Looks like a seahorse on the second pic... ^^ I think it looks nice, whats the white border around the edges tho? Sometimes the boxpattern(?) disseapears..

----------


## drow

> whats the white border around the edges tho? Sometimes the boxpattern(?) disseapears..


that's just the difference between the rough layout and the final cavern outline.
at some point, i'll have to update the imaging code.

----------


## Redrobes

Looks good. I could wait 13 seconds for it tho - thats no biggie.
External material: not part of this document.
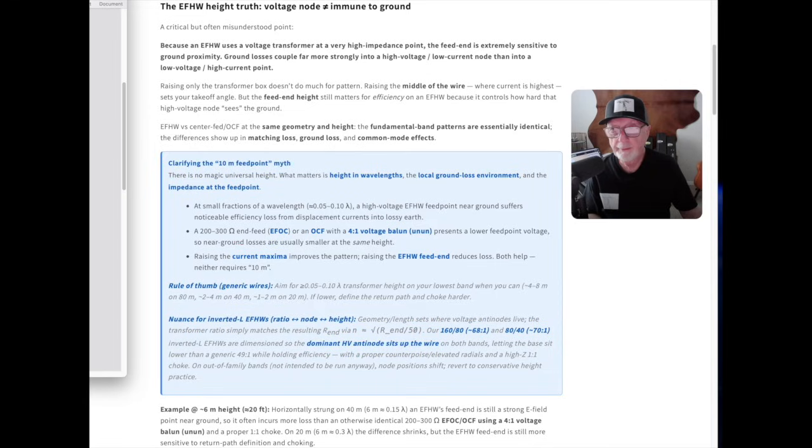But there's an idea that where the transformer is mounted doesn't matter. Let's go to my RF engineer collaborator, ON6URE, operator of the RFGuru company in Belgium. Because an end-fed half-wave uses a voltage transformer at a very high impedance point, the feed end is extremely sensitive to ground proximity. Ground losses couple far more strongly into a high-voltage, low-current node than into a low-voltage, high-current point.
I think quality is more important than a few seconds wait.

----------


## RobA

And another great input to my smp script! (scaled up 3 times)



-Rob A>

----------


## drow

found a way to improve performance, and i've updated or created all the style routines.
(although the style routines pretty well wipe out my performance gains)

----------


## drow

my algorithm for identifying chambers within the caverns mostly works,
though it's pretty complicated and could probably be improved.

the second map is a desert caverns scaled for print.
about 3.5 minutes to generate, the majority of which is creating and dealing with image masks.

----------


## drow

i'm down to about 4 seconds for a standard medium size cavern map,
10 seconds with style, and 2 minutes with style at print scale.
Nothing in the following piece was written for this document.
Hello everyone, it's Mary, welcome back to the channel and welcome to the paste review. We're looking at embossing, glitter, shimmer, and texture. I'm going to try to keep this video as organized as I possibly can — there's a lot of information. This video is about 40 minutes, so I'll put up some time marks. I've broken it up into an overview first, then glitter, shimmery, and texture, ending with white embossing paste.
i think i'm done with optimization, unless anyone knows some deep magic
for dealing with cellular automata across 9 million cell arrays.

----------


## drow

my brain won't stop working on this.
now down to 2 seconds, 5 seconds, and 1 minute.

a colossal cavern only takes 15 seconds, 26 seconds with style.
at print resolution should take about 8 minutes, but the process
consumes all the memory on my machine and grinds to a halt.   :Smile:

----------


## mathuwm

I dont know what you are talking about but I like the results ; )

----------


## drow

http://donjon.bin.sh/dungeon/?dungeon_layout=Cavernous

----------


## Talroth

Have you mapped out your memory usage in your algorithm? What exactly are you doing with your system memory? Do you have anyway to cut a map into chunks for fine detail processing and then automatically stitch it back together after the fact?

----------


## drow

> Have you mapped out your memory usage in your algorithm?
> What exactly are you doing with your system memory?


that's been this morning's work, aside from a quick trip to ikea.   :Smile: 

the generator is written in perl, so i'm at perl's mercy regarding memory allocation and usage.
and perl is rather notorious for sacrificing ridiculous piles of memory for performance.

i've converted the cell map from an array of arrays of integers (lazy)
to an array of strings, using vec() to manipulate it.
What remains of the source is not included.